No one can pick the weather and I am not about to, other than to say after a prolonged dry spell (and drought in many areas of Queensland and New South Wales), the odds are that we are closer to a wetter cycle. A good sign is that Northern Queensland, which has had a really troubled couple of years, has had some strong rainfall patterns this summer. The Bureau of Meteorology predicts a reasonably average upcoming autumn rainfall pattern, after being below average in prior years.
Input prices are also falling. Reasonable in-crop rainfall has resulted in lower wheat, barley, cotton seed, and other fodder costs for livestock producers. For instance, Darling Downs wheat has continued its downward trend of 2014, with prices down to $360 to $370 per tonne most recently. Recent pricing across the country also shows hay either steady or falling in most districts.

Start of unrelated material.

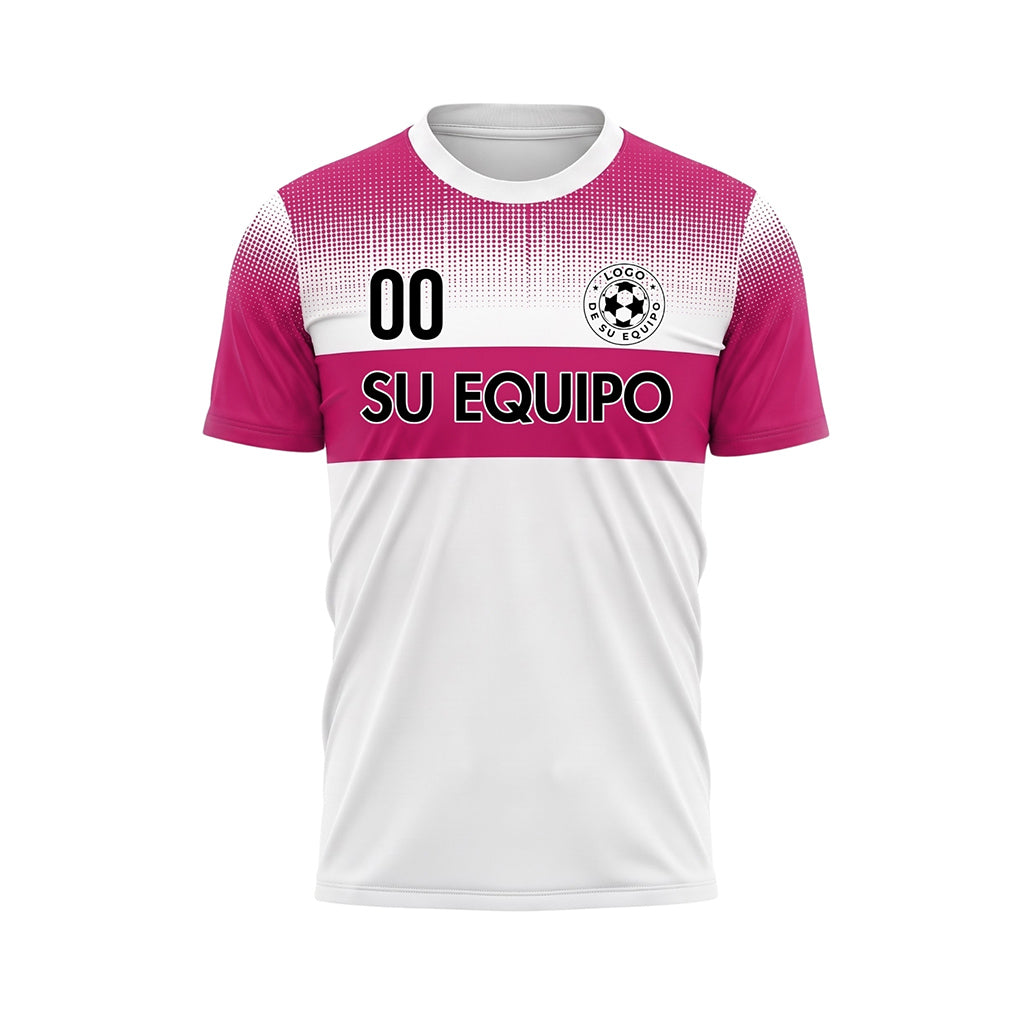 Blanco Magenta Motivo a Lunares Rayas en el Pecho Camiseta de Fútbol Personalizada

All these indicators point to an improvement in core profitability in the short to medium term.
However, core profitability is only half the equation of a good investment/lending proposition.
What is more important is the profitability in the context of how much has been invested, adjusted for risk ( the risk adjusted return on assets). We have been arguing for some time that land prices in some areas have been too high for the profit that many farms make. Reported returns on North Queensland beef farms of low single digits, were not sustainable, particularly given the business risk farmers take. There is a valuation/financial return gap which must be closed, although in the beef industry (with production cycles extending to years) these sorts of imbalances can take a long time to play out.
There are only two things that must happen to close the valuation/financial return gap, either land prices must go down, or profitability must go up. In recent times we have seen land prices coming down (and we will be watching the next ABARES farm returns report with interest - due in March), and with the recent changes in the market, profitability is improving. Whilst in some areas there’s a way to go before we see acceptable returns, with the positive signs we are seeing, beef is definitely worth another look.